Abstract: Objective To investigate single-molecule detection and characterization of DNA replication. Methods
Single-stranded DNA (ssDNA) as the template of DNA replication was attached to DNA origami by a hybridization reaction
based on the complementary base-pairing principle. DNA replication catalyzed by E.coli DNA polymerase I Klenow Fragment
(KF) was detected using atomic force microscopy (AFM). The height variations between the ssDNA and the double-stranded
DNA (dsDNA), the distribution of KF during DNA replication and biotin-streptavidin (BA) complexes on the DNA strand
after replication were detected. Agarose gel electrophoresis was employed to analyze the changes in the DNA after replication.

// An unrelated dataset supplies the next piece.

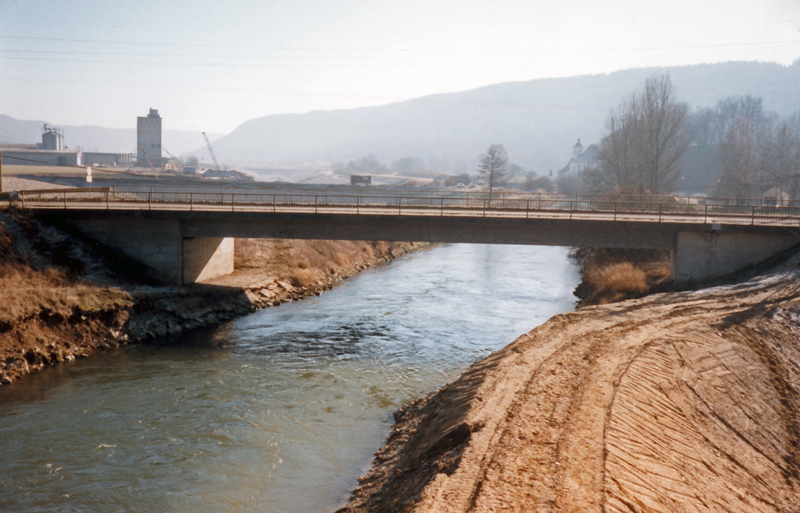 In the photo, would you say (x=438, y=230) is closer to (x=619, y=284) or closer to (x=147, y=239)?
(x=619, y=284)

Results The designed ssDNA could be anchored on the target positions of over 50% of the DNA origami. The KF was capable
of binding to the ssDNA fixed on DNA origami and performing its catalytic activities, and was finally dissociated from the
DNA after replication. The height of DNA strand increased by about 0.7 nm after replication. The addition of streptavidin also
resulted in an DNA height increase to about 4.9 nm due to the formation of BA complexes on the biotinylated dsDNA. The
resulting dsDNA and BA complex were subsequently confirmed by agarose gel electrophoresis. Conclusion The combination
of AFM and DNA origami allows detection and characterization of DNA replication at the single molecule level, and this
approach provides better insights into the mechanism of DNApolymerase and the factors affecting DNAreplication.